Dr. Gebisa Ejeta, winner of the 2009 World Food Prize
The 2009 World Food Prize will be awarded to Dr. Gebisa Ejeta, a native of Ethiopia and a Distinguished Professor of Agronomy at Purdue University, for his breakthrough work that illustrates “what can be achieved when cutting-edge technology and international cooperation in agriculture are used to uplift and empower the world’s most vulnerable people.” The announcement was made Thursday at a ceremony at the U.S. State Department.

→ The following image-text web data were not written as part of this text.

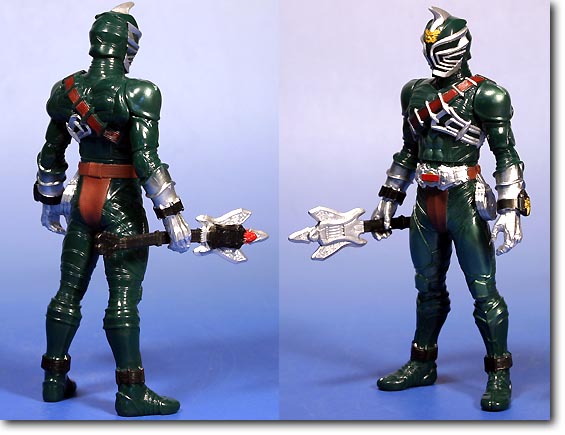 RHH03 仮面ライダー トドロキ | HLJ.co.jp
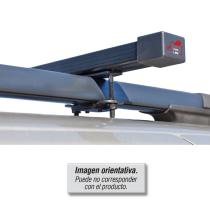 Pool Line 113001 - BARRAS ECO-TOUR ACERO MED. 110 CM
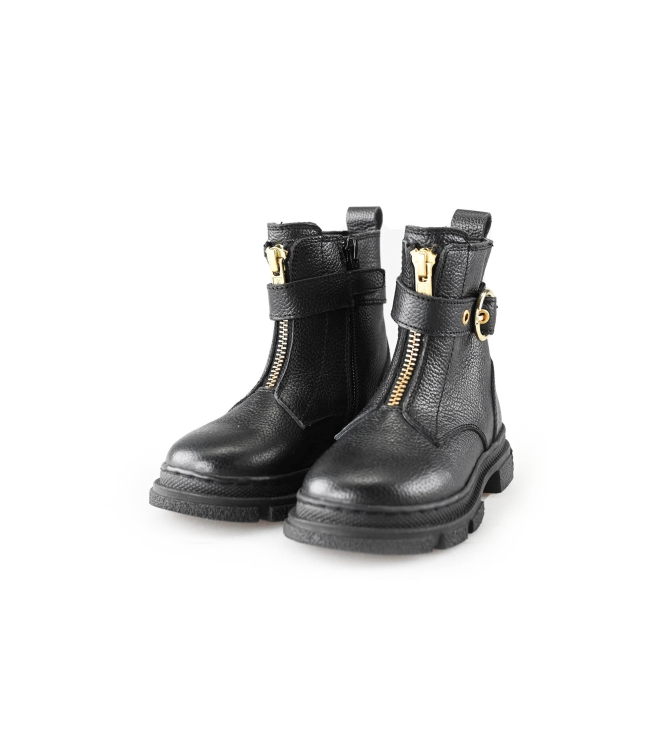 Ik Ke Biker Boots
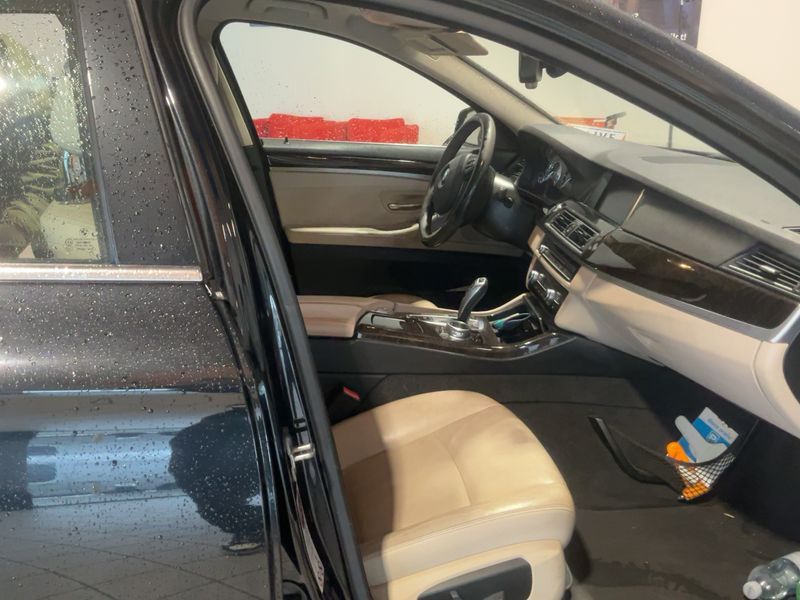 BMW 5er 520d 2013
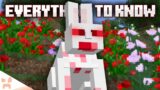 THE KILLER BUNNY: Everything To Know – The Mob Too Strong For Minecraft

According to the World Food Prize announcement:
With the local importance of sorghum in the human diet (made into breads, porridges, and beverages), and the vast potential of dryland agriculture in Sudan, Dr. Ejeta’s drought-tolerant hybrids brought dramatic gains in crop productivity and also catalyzed the initiation of a commercial sorghum seed industry in Sudan.
Philip Brasher in the Des Moines Register wrote:
A scientist who grew up in a thatch hut in Ethiopia and later learned how to conquer a weed that plagues African agriculture is this year’s winner of the World Food Prize.
Gebisa Ejeta, a long-time agronomist at Purdue University, developed a variety of sorghum resistant to Striga, or witchweed, a parasitic plant that often destroys the vital food crop. Earlier, Ejeta came up with a high-yielding, drought-resistant version of sorghum.
Combining the resistance to drought and the weed allowed Ejeta’s sorghum to yield up to four times as much grain as the traditional varieties.
The prize will be given to Dr. Ejeta at a ceremony Oct. 15 at the Iowa Capitol.